What are ghost ads and why do they matter?

Ghost ads are an experimentation method where the platform or DSP flags a “ghost impression” for a control user at the moment a real auction would have served the test ad. The system logs the would-have-served event and prevents delivery in control, so spend is not wasted on PSAs or artificial inventory. The method maintains auction symmetry and works with real-time bidding and optimization.³ It can reduce the budget cost of testing and improve precision compared with PSA control designs, especially when the platform optimizes delivery mid-flight.³ ⁵ The Trade Desk and other buy-side platforms describe conversion lift using ghost bidding to avoid control spend.⁴

When should teams prefer holdout vs ghost ads?

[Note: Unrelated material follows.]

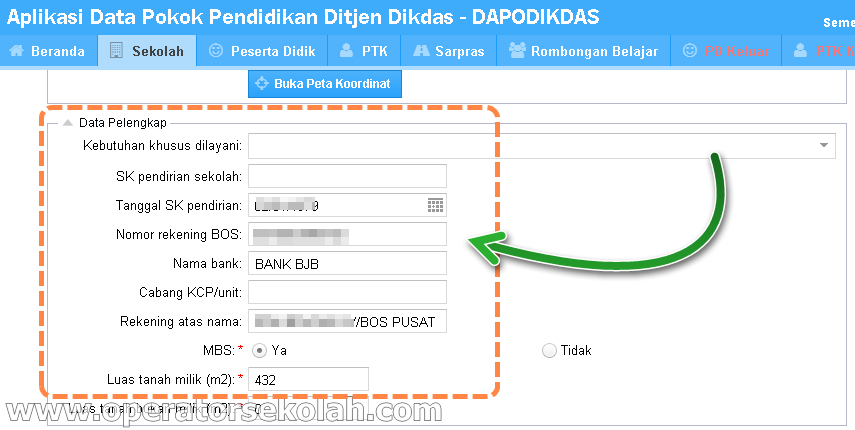  Cara pengisian data Bos di Aplikasi Dapodikdas v.3.0.2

Teams should select holdouts when the ad platform offers first-party lift testing, straightforward setup, and enough eligible conversions. Google Ads and Meta provide end-to-end flows that suit in-platform campaigns and privacy constraints.¹ ² Teams should prefer ghost ads when they buy across exchanges through a DSP, need lower test cost, or face algorithmic optimization that would contaminate classic PSA control groups.³ ⁵ Cross-exchange buying and retargeting often benefit from predicted ghost ads, a variant that simulates auctions to tag would-have-served impressions where direct integration is not possible.⁵

How does holdout testing work on Google Ads and Meta?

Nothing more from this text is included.